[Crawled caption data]
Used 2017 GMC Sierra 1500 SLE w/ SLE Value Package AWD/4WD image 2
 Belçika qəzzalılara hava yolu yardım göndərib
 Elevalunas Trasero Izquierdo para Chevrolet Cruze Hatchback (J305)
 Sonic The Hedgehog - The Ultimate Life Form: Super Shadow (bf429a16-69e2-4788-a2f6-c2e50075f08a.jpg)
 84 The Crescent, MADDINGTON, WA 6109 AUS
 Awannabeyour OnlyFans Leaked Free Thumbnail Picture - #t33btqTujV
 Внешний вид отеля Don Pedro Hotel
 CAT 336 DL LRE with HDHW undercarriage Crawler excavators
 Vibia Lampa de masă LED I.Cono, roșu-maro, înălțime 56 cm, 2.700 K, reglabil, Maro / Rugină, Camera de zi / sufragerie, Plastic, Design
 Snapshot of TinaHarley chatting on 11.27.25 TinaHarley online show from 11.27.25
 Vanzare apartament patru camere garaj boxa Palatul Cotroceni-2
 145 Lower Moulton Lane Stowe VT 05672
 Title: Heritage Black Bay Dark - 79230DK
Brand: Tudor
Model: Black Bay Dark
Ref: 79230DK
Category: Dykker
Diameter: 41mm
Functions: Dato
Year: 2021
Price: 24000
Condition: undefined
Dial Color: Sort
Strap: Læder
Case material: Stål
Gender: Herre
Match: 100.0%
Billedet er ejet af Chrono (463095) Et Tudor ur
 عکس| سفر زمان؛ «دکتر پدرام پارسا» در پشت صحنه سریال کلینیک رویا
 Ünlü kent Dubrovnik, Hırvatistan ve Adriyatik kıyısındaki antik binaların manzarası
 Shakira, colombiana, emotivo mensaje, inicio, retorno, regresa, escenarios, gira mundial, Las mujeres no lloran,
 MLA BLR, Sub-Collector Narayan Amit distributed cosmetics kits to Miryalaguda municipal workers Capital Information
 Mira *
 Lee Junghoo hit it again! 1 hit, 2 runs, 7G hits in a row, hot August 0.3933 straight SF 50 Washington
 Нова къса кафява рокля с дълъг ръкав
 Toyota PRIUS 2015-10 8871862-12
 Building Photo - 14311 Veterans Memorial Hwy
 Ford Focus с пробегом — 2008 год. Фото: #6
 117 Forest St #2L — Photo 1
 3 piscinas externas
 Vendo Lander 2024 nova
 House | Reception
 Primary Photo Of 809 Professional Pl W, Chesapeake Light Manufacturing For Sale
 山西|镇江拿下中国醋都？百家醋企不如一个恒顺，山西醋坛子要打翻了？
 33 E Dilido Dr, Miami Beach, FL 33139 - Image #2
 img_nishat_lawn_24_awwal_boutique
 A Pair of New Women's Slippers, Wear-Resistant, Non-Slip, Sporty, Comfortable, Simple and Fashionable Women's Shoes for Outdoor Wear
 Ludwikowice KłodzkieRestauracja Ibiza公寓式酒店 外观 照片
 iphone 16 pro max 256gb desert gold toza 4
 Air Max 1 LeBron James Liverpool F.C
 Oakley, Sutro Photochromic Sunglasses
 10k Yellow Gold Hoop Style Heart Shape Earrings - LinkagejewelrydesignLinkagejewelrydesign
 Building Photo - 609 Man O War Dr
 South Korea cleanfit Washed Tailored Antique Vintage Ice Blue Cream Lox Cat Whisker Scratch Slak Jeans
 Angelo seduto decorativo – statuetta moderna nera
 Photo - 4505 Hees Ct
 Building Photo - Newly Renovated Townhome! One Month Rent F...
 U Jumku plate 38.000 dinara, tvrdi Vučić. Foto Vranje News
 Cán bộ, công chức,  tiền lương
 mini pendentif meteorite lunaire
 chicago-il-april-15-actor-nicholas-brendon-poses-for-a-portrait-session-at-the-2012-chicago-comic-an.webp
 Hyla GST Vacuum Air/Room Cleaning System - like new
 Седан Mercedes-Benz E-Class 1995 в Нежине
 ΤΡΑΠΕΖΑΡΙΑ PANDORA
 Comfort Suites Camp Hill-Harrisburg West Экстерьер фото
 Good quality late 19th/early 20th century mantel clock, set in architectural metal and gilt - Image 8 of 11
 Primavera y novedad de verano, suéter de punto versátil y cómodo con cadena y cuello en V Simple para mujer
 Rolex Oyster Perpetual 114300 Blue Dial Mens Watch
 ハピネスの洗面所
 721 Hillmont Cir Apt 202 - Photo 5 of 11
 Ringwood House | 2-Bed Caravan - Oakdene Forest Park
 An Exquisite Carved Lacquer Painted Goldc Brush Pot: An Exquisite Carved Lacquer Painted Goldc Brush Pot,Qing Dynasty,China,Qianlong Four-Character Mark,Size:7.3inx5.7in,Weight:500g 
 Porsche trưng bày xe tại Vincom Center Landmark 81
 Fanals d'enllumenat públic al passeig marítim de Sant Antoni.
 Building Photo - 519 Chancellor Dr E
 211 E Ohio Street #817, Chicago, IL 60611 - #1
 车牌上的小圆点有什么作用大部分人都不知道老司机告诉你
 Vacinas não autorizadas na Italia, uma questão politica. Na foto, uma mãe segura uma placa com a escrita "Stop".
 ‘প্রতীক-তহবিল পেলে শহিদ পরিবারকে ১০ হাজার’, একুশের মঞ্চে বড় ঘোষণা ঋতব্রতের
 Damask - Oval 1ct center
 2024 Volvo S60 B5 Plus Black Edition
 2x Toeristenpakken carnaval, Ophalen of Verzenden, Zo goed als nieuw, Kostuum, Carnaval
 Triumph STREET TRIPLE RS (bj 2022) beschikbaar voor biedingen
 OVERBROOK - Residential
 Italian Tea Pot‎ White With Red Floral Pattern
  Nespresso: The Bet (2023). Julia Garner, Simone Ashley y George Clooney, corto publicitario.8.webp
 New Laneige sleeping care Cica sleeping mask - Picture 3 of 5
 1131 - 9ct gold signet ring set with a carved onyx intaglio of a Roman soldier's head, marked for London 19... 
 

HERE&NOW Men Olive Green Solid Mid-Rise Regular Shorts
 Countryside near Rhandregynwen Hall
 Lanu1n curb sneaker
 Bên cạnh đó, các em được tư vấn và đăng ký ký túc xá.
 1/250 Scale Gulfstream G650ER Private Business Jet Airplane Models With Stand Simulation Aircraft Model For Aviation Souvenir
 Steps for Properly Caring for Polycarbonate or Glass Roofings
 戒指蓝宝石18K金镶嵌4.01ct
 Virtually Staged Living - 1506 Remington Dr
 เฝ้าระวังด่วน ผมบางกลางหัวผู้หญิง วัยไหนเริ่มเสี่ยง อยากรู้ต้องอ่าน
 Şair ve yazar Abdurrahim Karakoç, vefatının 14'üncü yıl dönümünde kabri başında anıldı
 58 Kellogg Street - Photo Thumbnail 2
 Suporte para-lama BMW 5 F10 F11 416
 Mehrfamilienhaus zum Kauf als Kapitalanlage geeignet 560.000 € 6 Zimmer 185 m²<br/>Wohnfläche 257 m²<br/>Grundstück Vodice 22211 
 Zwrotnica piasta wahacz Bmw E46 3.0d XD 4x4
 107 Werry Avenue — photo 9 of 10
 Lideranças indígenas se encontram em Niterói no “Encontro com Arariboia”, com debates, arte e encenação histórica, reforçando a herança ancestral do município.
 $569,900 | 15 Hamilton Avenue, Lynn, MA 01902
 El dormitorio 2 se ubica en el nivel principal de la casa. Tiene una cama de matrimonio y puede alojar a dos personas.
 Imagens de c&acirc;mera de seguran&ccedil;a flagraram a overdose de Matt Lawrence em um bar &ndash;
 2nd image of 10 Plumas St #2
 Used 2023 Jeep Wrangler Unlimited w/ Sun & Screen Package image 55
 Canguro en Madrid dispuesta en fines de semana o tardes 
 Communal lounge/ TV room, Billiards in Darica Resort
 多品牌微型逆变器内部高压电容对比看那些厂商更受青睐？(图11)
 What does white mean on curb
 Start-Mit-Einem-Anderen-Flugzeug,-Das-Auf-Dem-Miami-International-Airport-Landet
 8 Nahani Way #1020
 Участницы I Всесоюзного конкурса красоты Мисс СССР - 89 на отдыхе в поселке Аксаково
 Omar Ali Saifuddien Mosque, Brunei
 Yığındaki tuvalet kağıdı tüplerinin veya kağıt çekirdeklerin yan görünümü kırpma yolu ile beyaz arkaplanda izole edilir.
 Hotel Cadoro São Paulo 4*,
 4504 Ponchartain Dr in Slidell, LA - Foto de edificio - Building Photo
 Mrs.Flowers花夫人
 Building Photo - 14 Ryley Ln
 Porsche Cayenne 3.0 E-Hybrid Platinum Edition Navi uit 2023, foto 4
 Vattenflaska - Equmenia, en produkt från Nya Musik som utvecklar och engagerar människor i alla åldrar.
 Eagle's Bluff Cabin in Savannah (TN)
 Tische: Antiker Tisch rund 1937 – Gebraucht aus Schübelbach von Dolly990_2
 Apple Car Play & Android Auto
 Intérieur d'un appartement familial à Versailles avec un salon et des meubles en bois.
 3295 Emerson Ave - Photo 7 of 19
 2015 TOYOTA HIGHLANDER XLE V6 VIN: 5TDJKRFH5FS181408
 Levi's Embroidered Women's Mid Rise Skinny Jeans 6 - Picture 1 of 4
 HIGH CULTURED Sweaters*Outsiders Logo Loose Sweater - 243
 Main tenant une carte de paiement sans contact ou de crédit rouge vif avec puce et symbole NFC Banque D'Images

# [WORK TASK]
Return, unchanged, the run of lines above that opens with the line containing "Snapshot of TinaHarley" and closes with the line containing "Match: 100.0%". Include both.

# [YOUR RESPONSE]
 Snapshot of TinaHarley chatting on 11.27.25 TinaHarley online show from 11.27.25
 Vanzare apartament patru camere garaj boxa Palatul Cotroceni-2
 145 Lower Moulton Lane Stowe VT 05672
 Title: Heritage Black Bay Dark - 79230DK
Brand: Tudor
Model: Black Bay Dark
Ref: 79230DK
Category: Dykker
Diameter: 41mm
Functions: Dato
Year: 2021
Price: 24000
Condition: undefined
Dial Color: Sort
Strap: Læder
Case material: Stål
Gender: Herre
Match: 100.0%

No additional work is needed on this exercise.